Transmigrasi 5



___________________________________

Sepeninggal gadis itu, Ilene bangkit dari kasurnya. Kembali ke cermin tadi. Ia masih tidak mengerti dengan semua yang terjadi pada dirinya saat ini. Bagaimana bisa Ilene yang sedang sakit tiba-tiba bangun dengan tubuh yang berbeda.

Ini di mana pula?

Lalu Eve itu siapa? Zein juga siapa?

Nama-nama itu tidak asing. Tapi Ilene tidak bisa mengingatnya dengan jelas. Semalam sepertinya ia pingsan, dan entah bagaimana caranya ia bisa berada di sini sendirian.
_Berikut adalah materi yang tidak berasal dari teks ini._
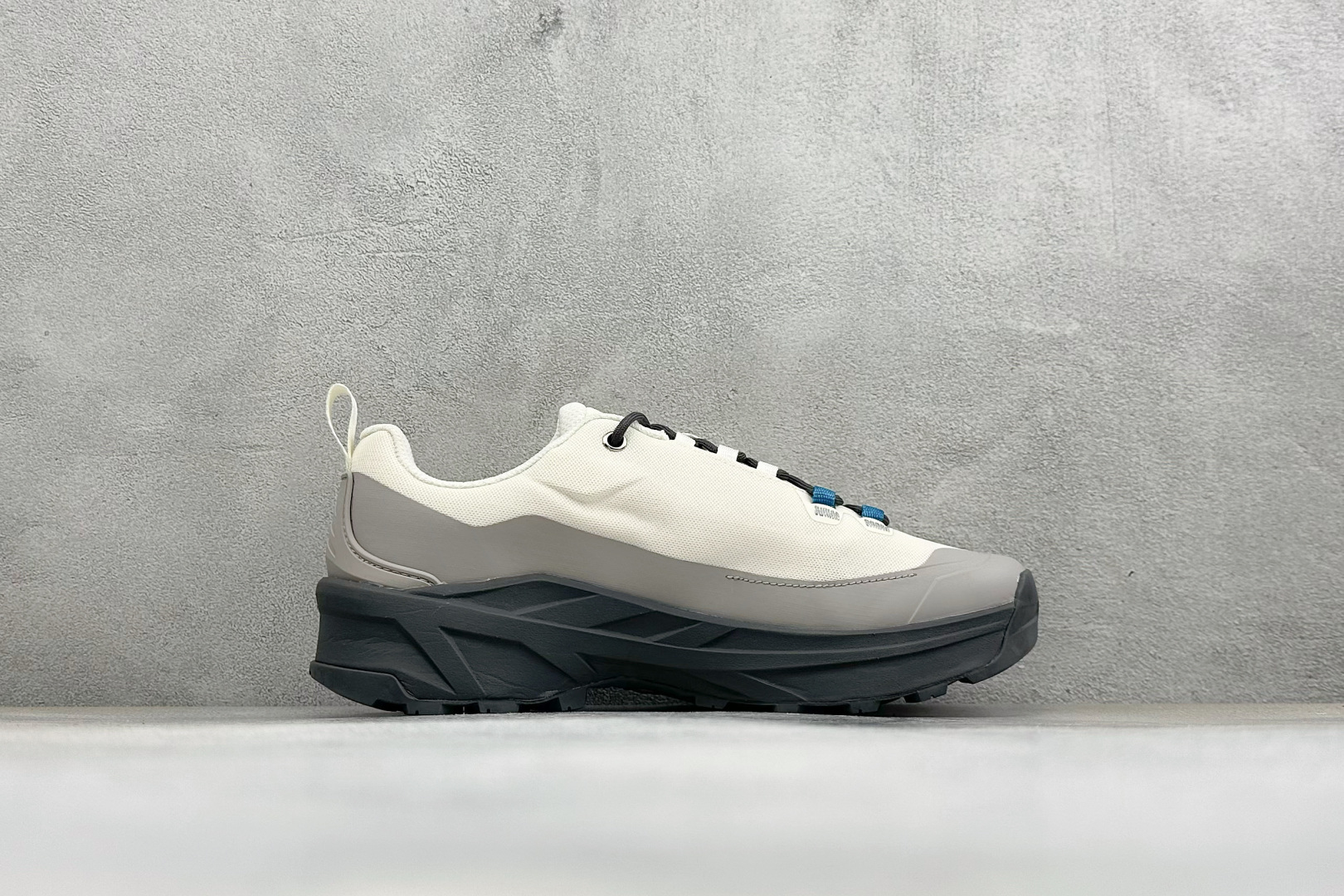 M版可隆KOLON SPORT MA APPROACH VENTI 户外V底止滑 防滑徒步鞋 货号：LUFH6MN012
Di tengah kebingungan Ilene yang masih meraba-raba bagian tubuhnya dan melihat di cermin dengan seksama wajah yang sama sekali tidak Ilene kenali ini. Tiba-tiba suara telfon berbunyi. Ilene yang kaget lantas menoleh ke arah sekitar, mencari keberadaan suara tersebut.

"Apa lagi ini Tuhan. Gue bener-bener nggak ngerti." Ilene akhirnya berlari ke arah kasur.

Mencari-cari suara ponsel yang berbunyi tadi. Dan foila, Ilene menemukannya di bawah guling.

"Halo?"

Tidak ada suara.

"Halo? Ini siapa, ya?"

Masih tidak ada suara. Namun beberapa detik kemudian, muncul suara seseorang.

"Bagaimana tubuh barunya? Suka?"

"Om Erlan?"

Ilene terkejut bukan main. Suara yang saat ini berada di seberang sana persis seperti suara tetangganya.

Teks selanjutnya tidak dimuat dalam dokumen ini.